> _What you should do_: The task calls for an exact retyping of the lines from the one holding "간절했던 '데뷔 첫 타점' 있을…" through the end of the listing, with pictures omitted and nothing added.
_ _ _ _
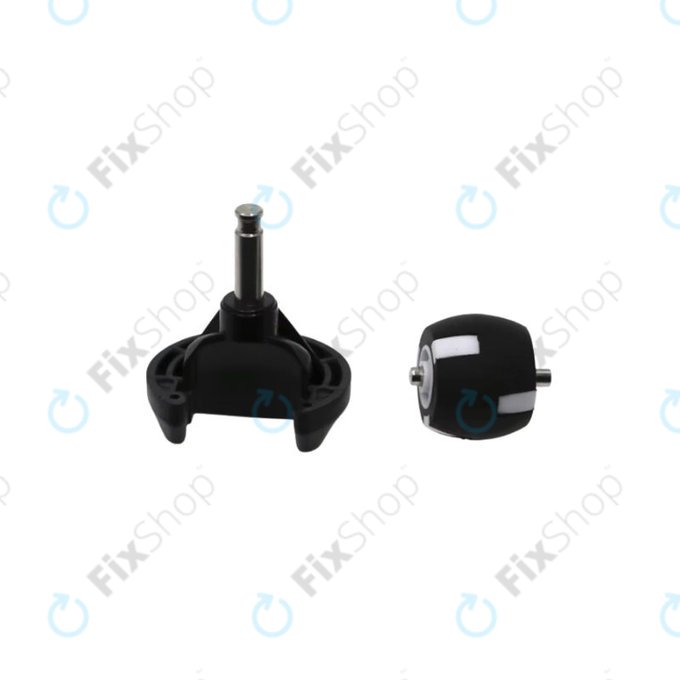 Ecovacs Deebot N79, N79S - Spare Wheel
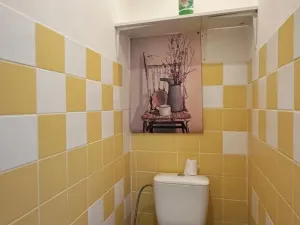 Pronájem bytu 3+kk, Praha - Lhotka, Sulická, 55 m2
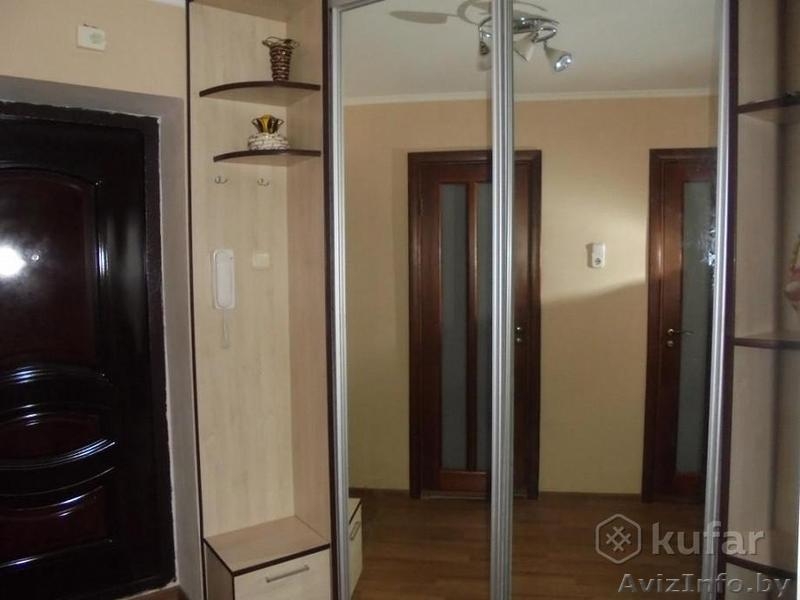 18 мкр. 1- комнатная квартира - Изображение #3, Объявление #1565554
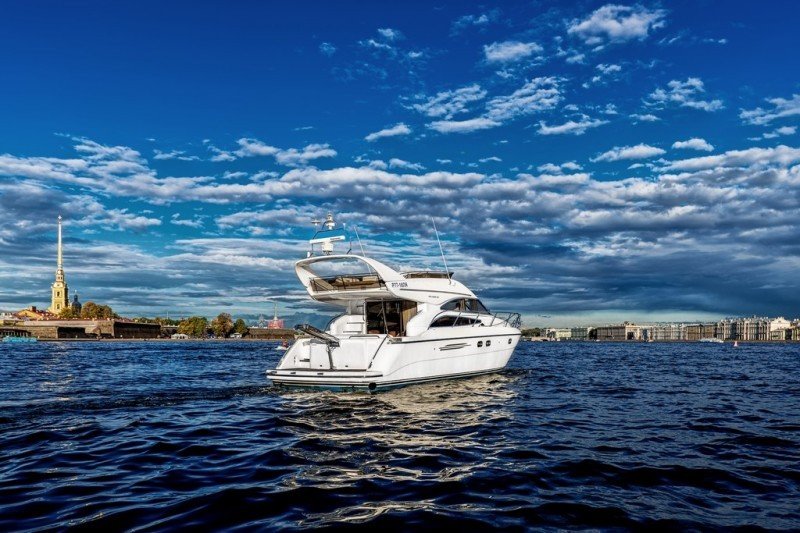 Princess 50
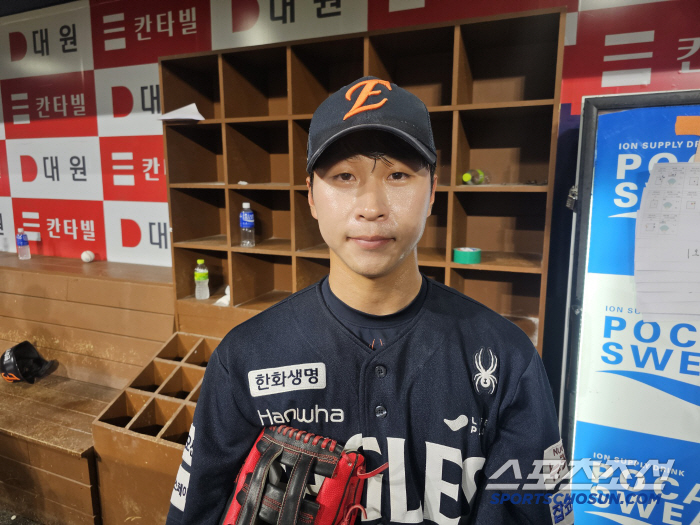 "나 때문에 1점을 못 냈으니…" 이보다 간절했던 '데뷔 첫 타점' 있을…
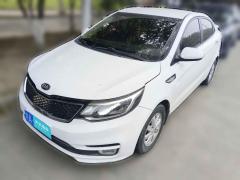 [合肥·皖A] 起亚起亚K22015款 三厢 1.4L AT GLS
_ _ _ _
> _Output for this exercise_:
 "나 때문에 1점을 못 냈으니…" 이보다 간절했던 '데뷔 첫 타점' 있을…
 [合肥·皖A] 起亚起亚K22015款 三厢 1.4L AT GLS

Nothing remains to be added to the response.